I am just back from a trip to France and full of what-ifs about what might have prevented or shortened the suffering there in World War II:
What if Hitler had been accepted into art school in Berlin? He turned his attention elsewhere after the second rejection.
What if there had not been an unexpected storm that affected the D-Day landing at Omaha Beach on June 6th, 1944, sickening the troops and preventing some vessels from reaching the shore, leaving some to drown before they could even set foot on land? It was originally planned, we learned, for a few days earlier, but previous storms postponed it. Gen. Eisenhower was quoted as saying he had to make his decision to go ahead or postpone again in 30 seconds. Postponing might have meant a one-month delay before the next full moon, we were told.
What if there had not been another storm on June 14th that destroyed one of two gigantic floating docks that were meant to feed and supply the troops who landed, who totaled one million by July 4th, creating a logistical nightmare?
What if German Field Marshall Rommell hadn’t taken some time away to celebrate his wife’s birthday?
What if the plot depicted in the film “Valkyrie” had succeeded? A group of German officers tried to assassinate Hitler in 1944 and just barely failed. But that was little late. What if others tried sooner and had succeeded?

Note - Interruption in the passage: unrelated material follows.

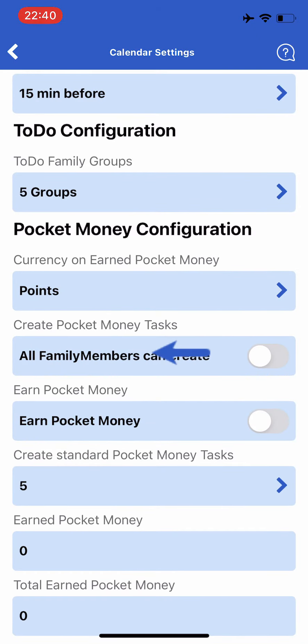The second field is create pocket money tasks. When this parameter is true, then all family members can create new pocket money tasks. You can also configure this individually on each family member.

What if the powers that be had not chopped up Europe after WWI, denying that leaving the Germans humiliated and economically devastated would create bigger trouble?
As our forces planned to weaken the Nazis’ strength in Normandy by bombing the cities there to pieces before D-Day, what if the leaflets meant to warn the inhabitants had not blown off course so that they had no warning? Weather again.
What if the rest of the world had not found the tales of what was really going on early in the Nazis’ rise to power outlandish and impossible to believe? Denial again.
What if the U.S. and other Allies had not intervened? Our European guides firmly believe that the Nazis would have taken and kept power, and the world, even as troubled as it seems right now, would be an entirely different and unrecognizable place.
Which leaves me wondering, despite my lifelong affection for pacifism, what if it sometimes just does not apply? Our trip went on to good French food, attempts to speak the language, chateaus, and the good life. But what if good old France wasn’t there anymore, I now wonder.